Although the entries contain pictures, write out only their text, exactly as it stands.

####

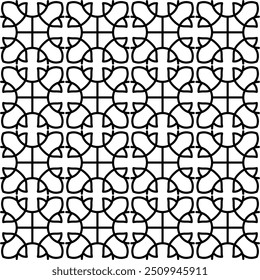 Vector Geometric Seamless Patterns Collection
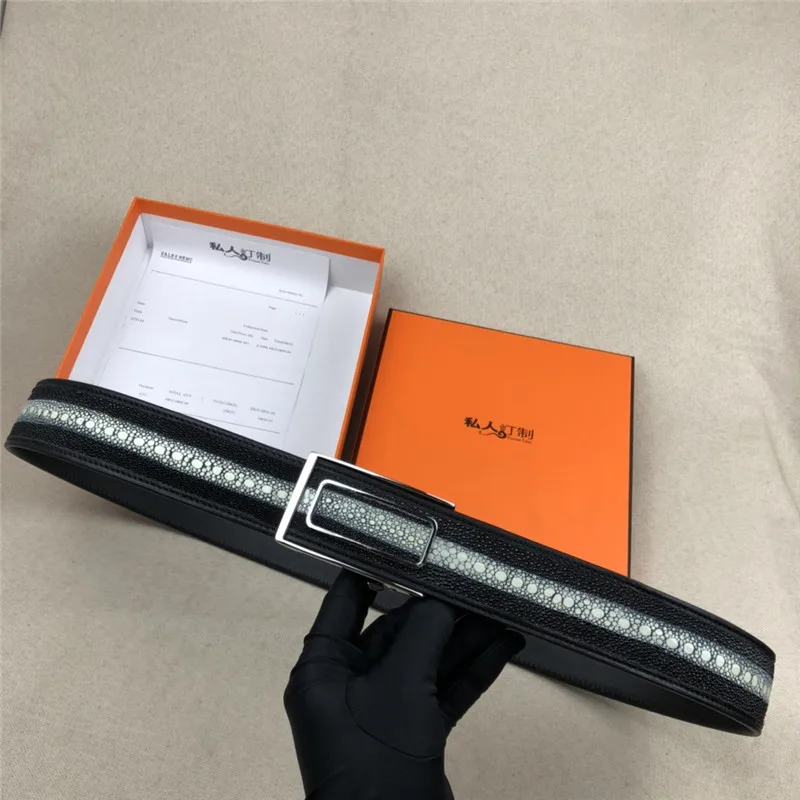 Рисунок 6 - Мужской классический ремень из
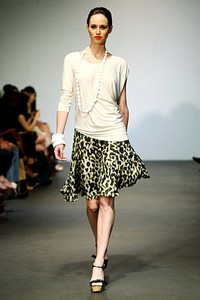 Stephen Burrows, Spring/Summer 2012. New York Fashion Week 2012. [Photo by Neilson Barnard/Getty Images]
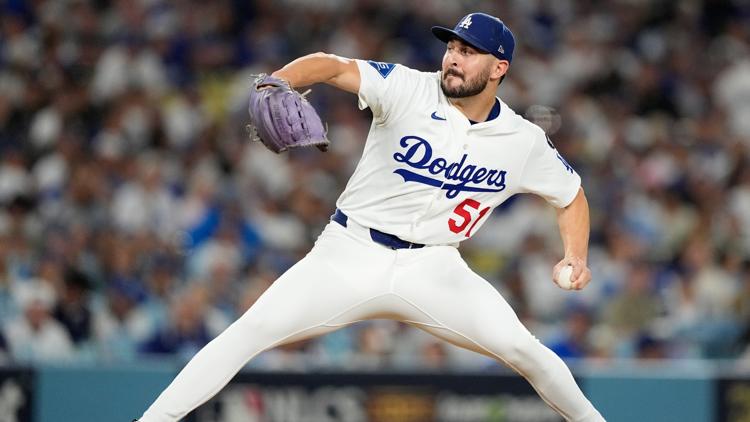 Los Angeles Dodgers’ Alex Vesia and wife mourn death of infant daughter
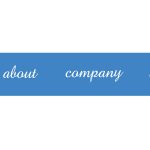 【HTML/CSS】サイト制作に使えるシンプルなヘッダーメニューデザインまとめ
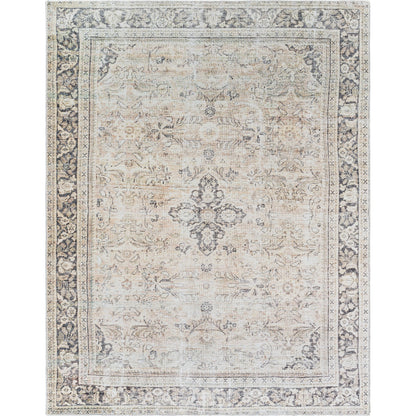 Darling Rug - 527947 by Becki Owens x Livabliss in tan, black, sage, brown, white, burnt orange. Made from polyester in a unique style.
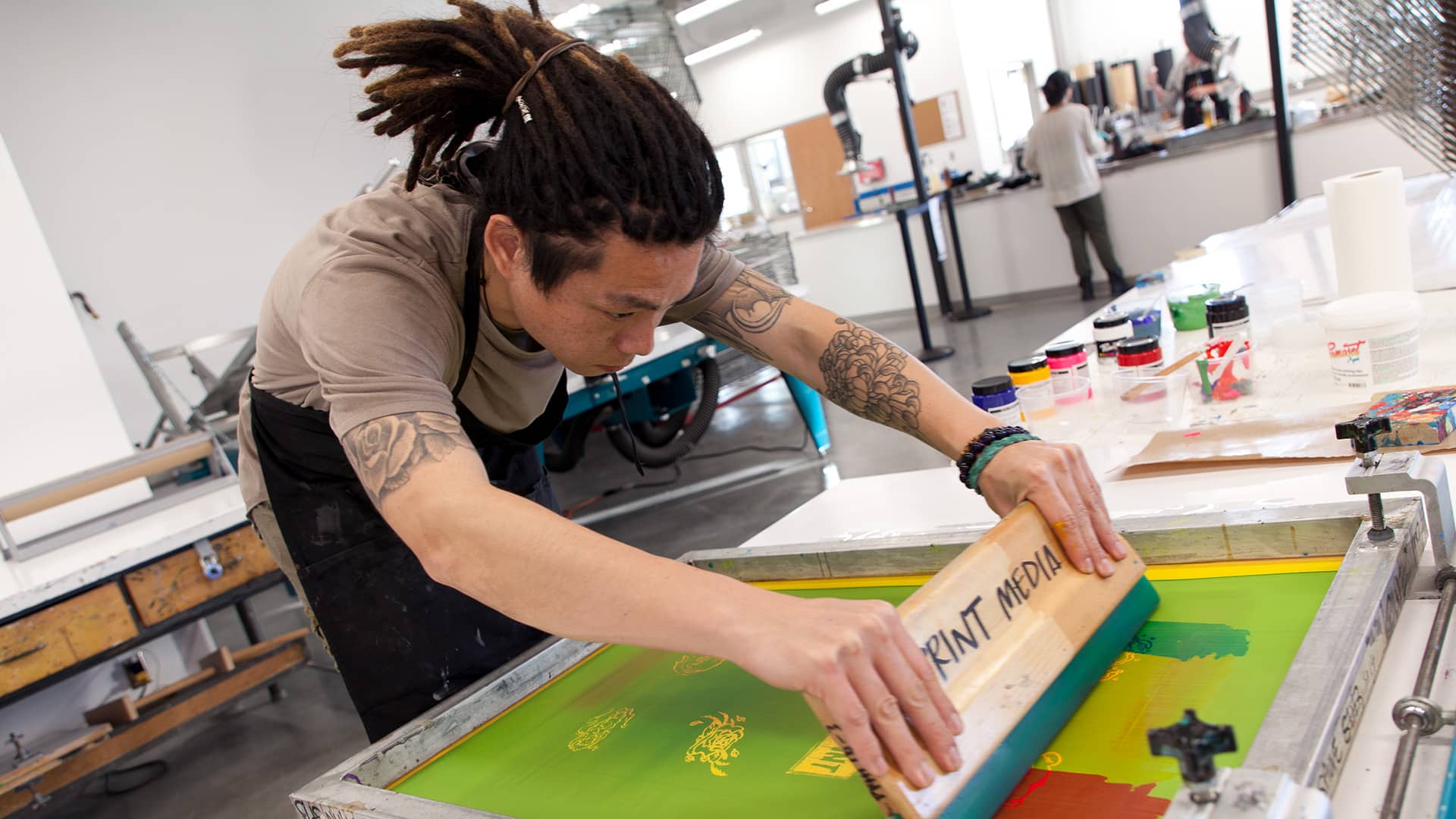 CSPR 104: Introductory Screen Printing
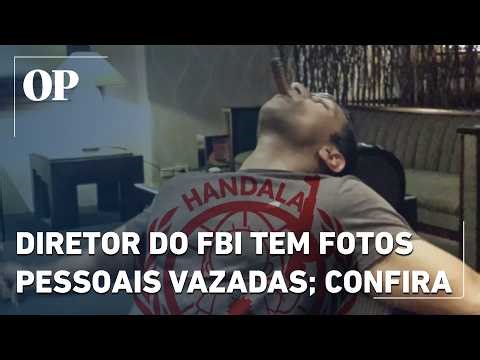 See personal photos of the FBI director leaked by Iranian hackers.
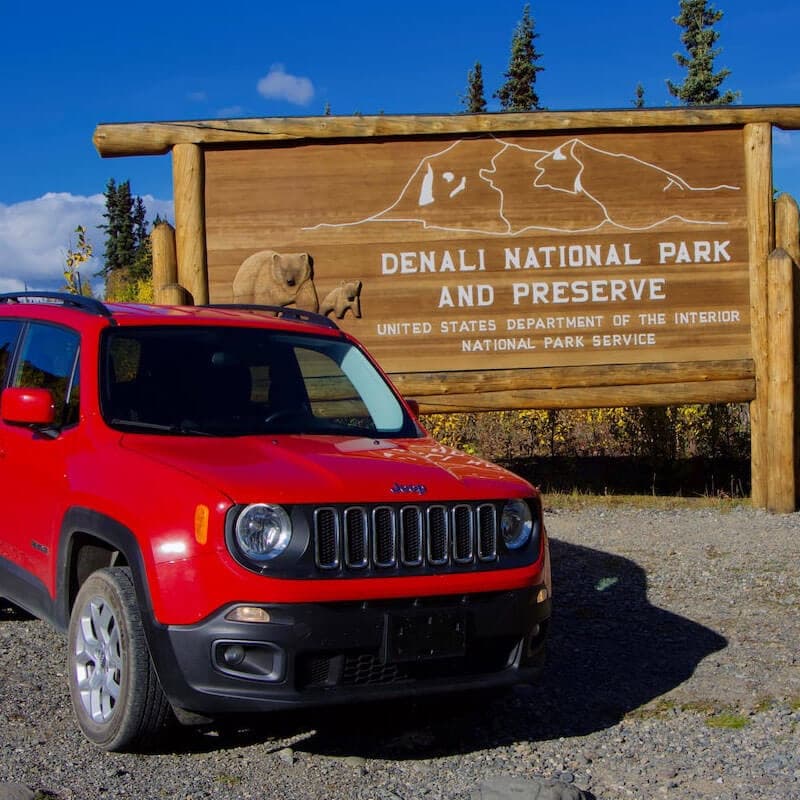 Denali Jeep Rental | Denali Tour Company Adventure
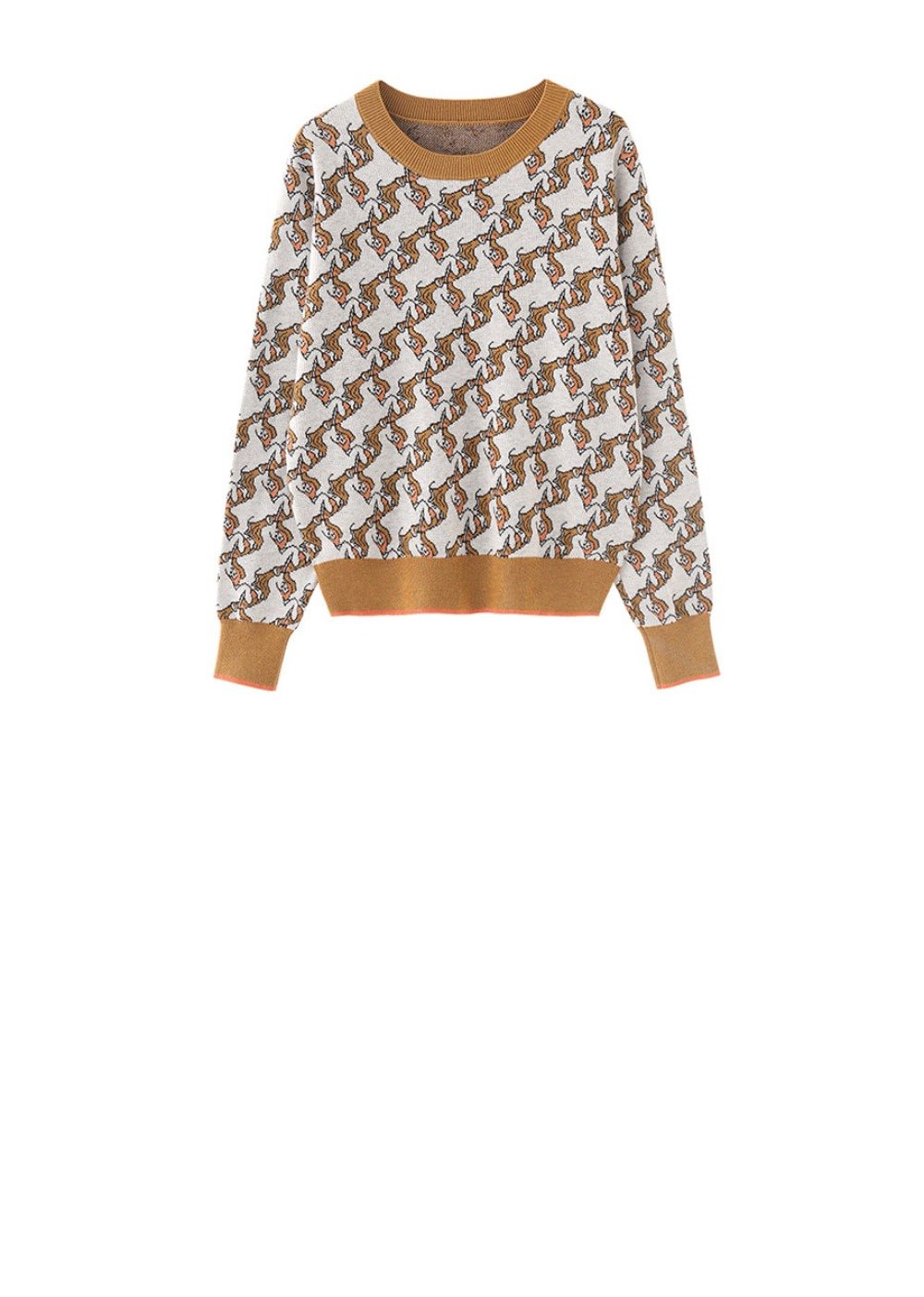 빌리엘 패턴 니트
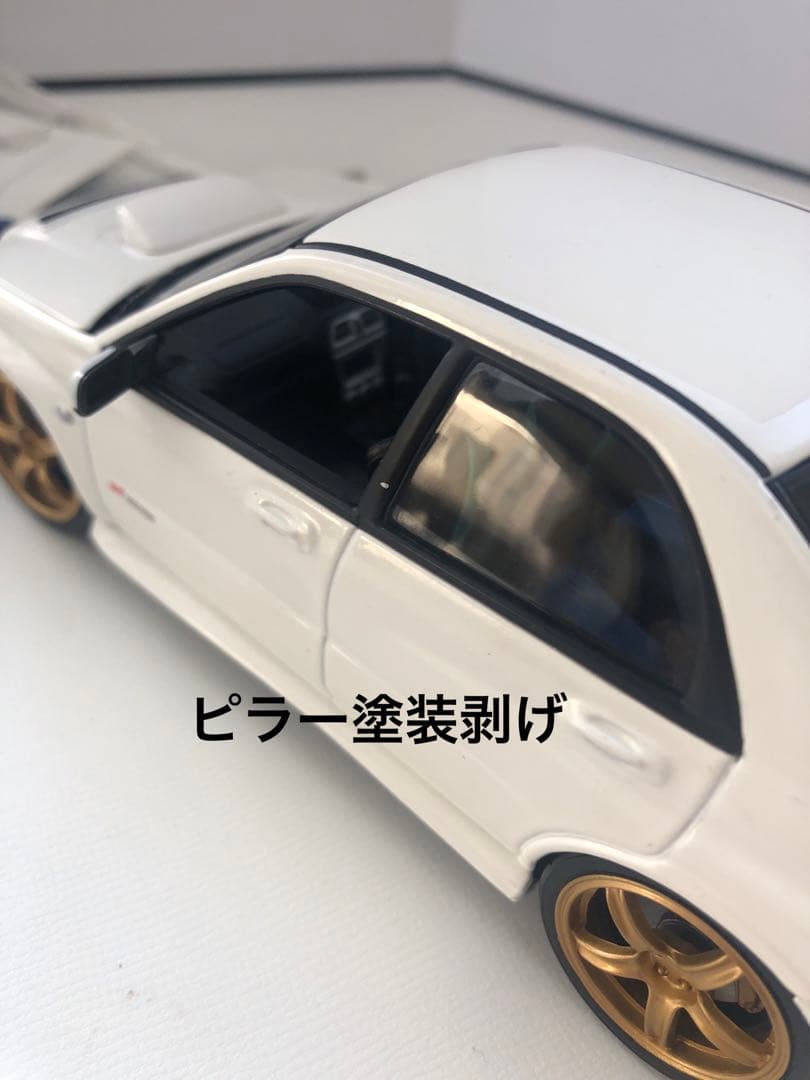 スバルインプレッサWRX STI GDB2004ZERO/SPORTS 1/24 - メルカリ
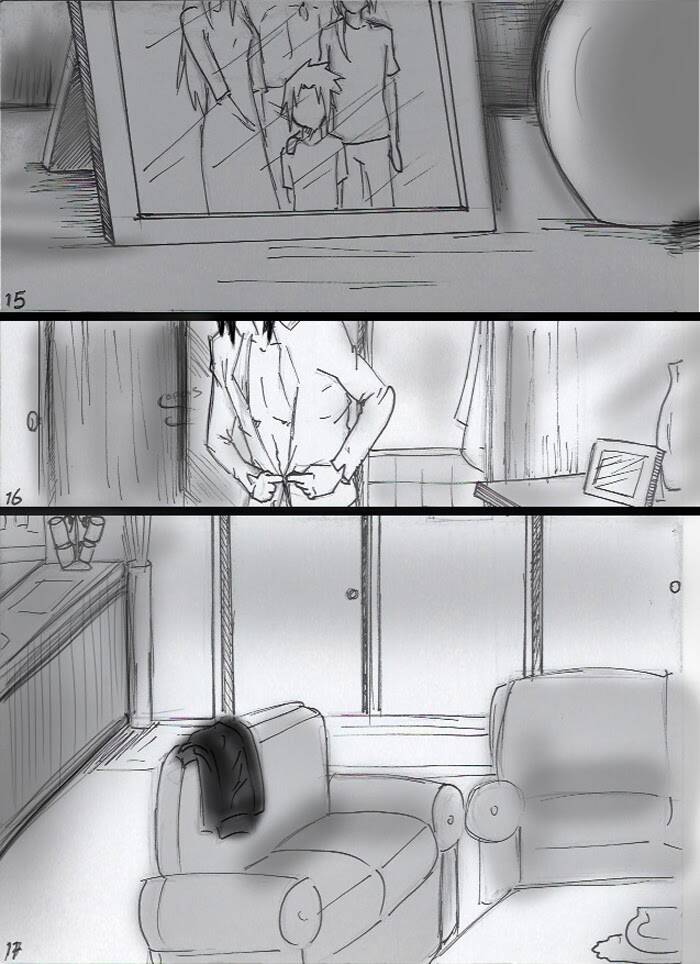 cửu vĩ hồ ly - doujinshi sasusaku chapter 34 8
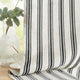 
                    
                      Twill Striped Linen Blend Rod Pocket Kitchen Curtains - Jinchan Home
                    
                  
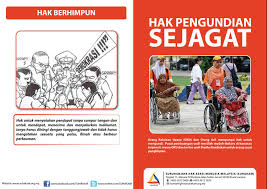 Pihak berkuasa sebuah bandar di india mengadakan kem vaksinasi khas bagi golongan orang kelainan upaya. Promotional Material Suhakam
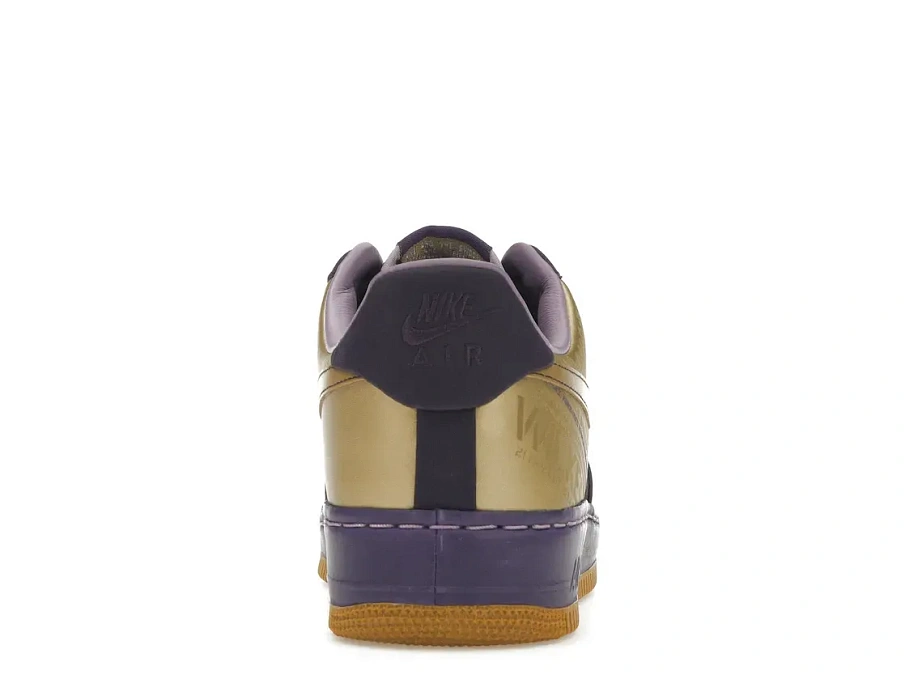 Фото № 4 с приближением к товару «‎Nike Air Force 1 Low Supreme Jamaal Wilkes»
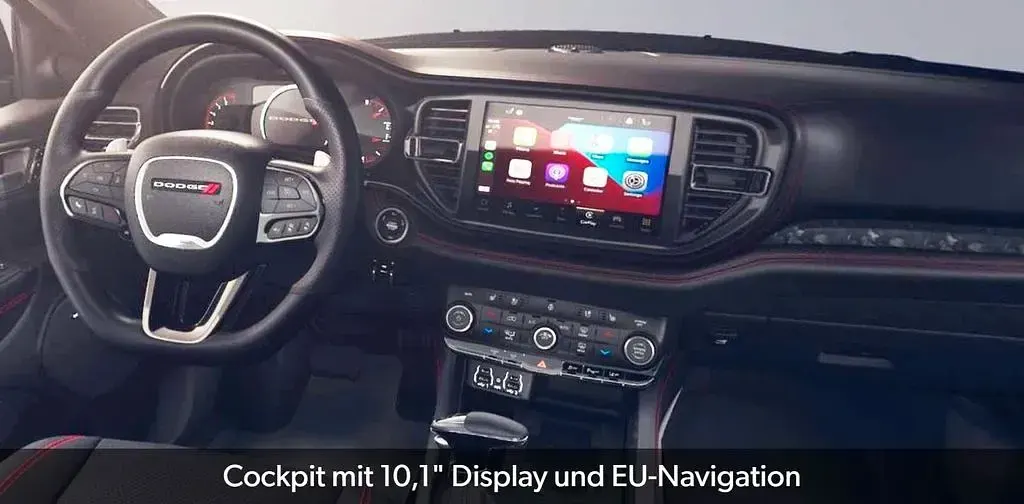 Neu Dodge Durango 364 PS (267 kW) 2026 Weiß SUV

####

### ANSWER SPACE
 Vector Geometric Seamless Patterns Collection
 Рисунок 6 - Мужской классический ремень из
 Stephen Burrows, Spring/Summer 2012. New York Fashion Week 2012. [Photo by Neilson Barnard/Getty Images]
 Los Angeles Dodgers’ Alex Vesia and wife mourn death of infant daughter
 【HTML/CSS】サイト制作に使えるシンプルなヘッダーメニューデザインまとめ
 Darling Rug - 527947 by Becki Owens x Livabliss in tan, black, sage, brown, white, burnt orange. Made from polyester in a unique style.
 CSPR 104: Introductory Screen Printing
 See personal photos of the FBI director leaked by Iranian hackers.
 Denali Jeep Rental | Denali Tour Company Adventure
 빌리엘 패턴 니트
 スバルインプレッサWRX STI GDB2004ZERO/SPORTS 1/24 - メルカリ
 cửu vĩ hồ ly - doujinshi sasusaku chapter 34 8
                    
                      Twill Striped Linen Blend Rod Pocket Kitchen Curtains - Jinchan Home
                    
                  
 Pihak berkuasa sebuah bandar di india mengadakan kem vaksinasi khas bagi golongan orang kelainan upaya. Promotional Material Suhakam
 Фото № 4 с приближением к товару «‎Nike Air Force 1 Low Supreme Jamaal Wilkes»
 Neu Dodge Durango 364 PS (267 kW) 2026 Weiß SUV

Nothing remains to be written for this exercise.